Returning now to the tasks to be carried out in this workpackage, we remind the reader that a key aspect of our ecosystem-based philosophy is that indicators of sustainable aquacultural management are embedded in the <farm -- environment -- biological-community -- other users>  system, and are thus either implicitly or explicitly parts of dynamic models.  WP4 will thus focus on indicators in the context of models as operational tools. It will define and improve indicators and models through an iterative process that commences with the indicators identified in WP2 and WP3 and then interacts with existing and new (WP5) data.  For example, if DO is taken as an appropriate indicator, existing or improved models will be used to investigate change in this variable as a function of hydrodynamic conditions, meteorological and boundary forcing scenarios, as well as of farm and other inputs leading directly or indirectly to oxygen production or consumption.  Validated against observations, the model simulations will allow estimation of variability of DO levels with and without farm inputs, and thus provide guidance on EcoQSs, system assimilative capacity and farmed organism carrying capacity, and monitoring regime, as well as providing operational tools for farm, ecosystem and coastal zone management.

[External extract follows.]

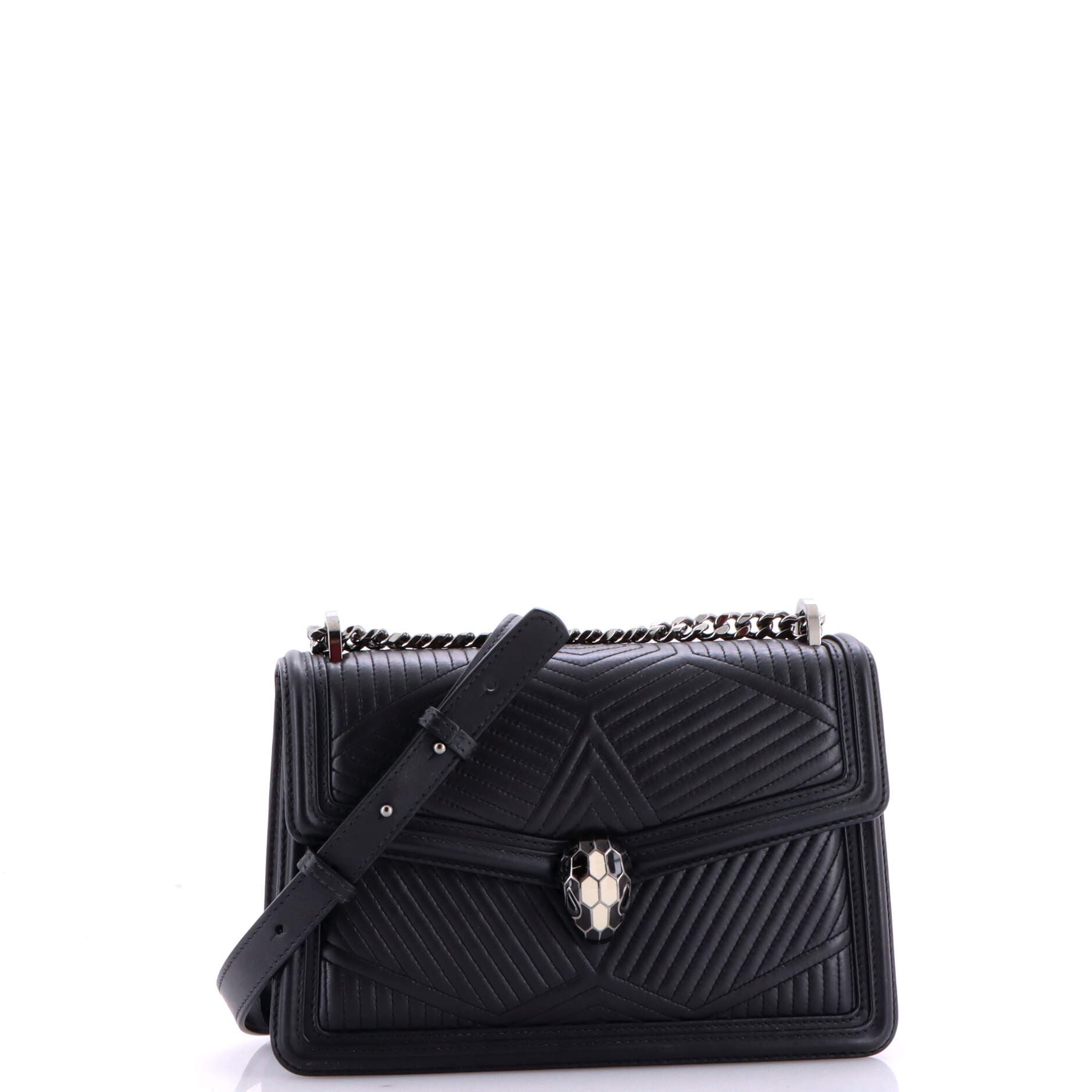 Serpenti Forever Shoulder Bag Quilted Leather Small, Alternate, color, Black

Another, more complex example, concerns the use of biological indicators (such as AMBI, see Borja et al., 2000) or the Infaunal Tropic Index (ITI, Word 1990), used as measures of impacts on the soft-bottom benthic community. Incorporation of such indicators into site-scale or water-body-scale models, could simulate the impacts on benthic diversity and the health of the community.  However, these indicators are in fact a type of multivariate statistic, and at first glance their simulation would require the use of ecosystem models with many biological variables.  Such a study is likely to be beyond the scope of this project, and a more practical method will be to develop a simple parameterisation of the functional relationship between AMBI or ITI and a state variable such as sediment organic content, or a time derivative such as organic sedimentation flux or sediment oxygen demand. Such a parameterisation could then be added to models such as DEPOMOD or FjordEnv.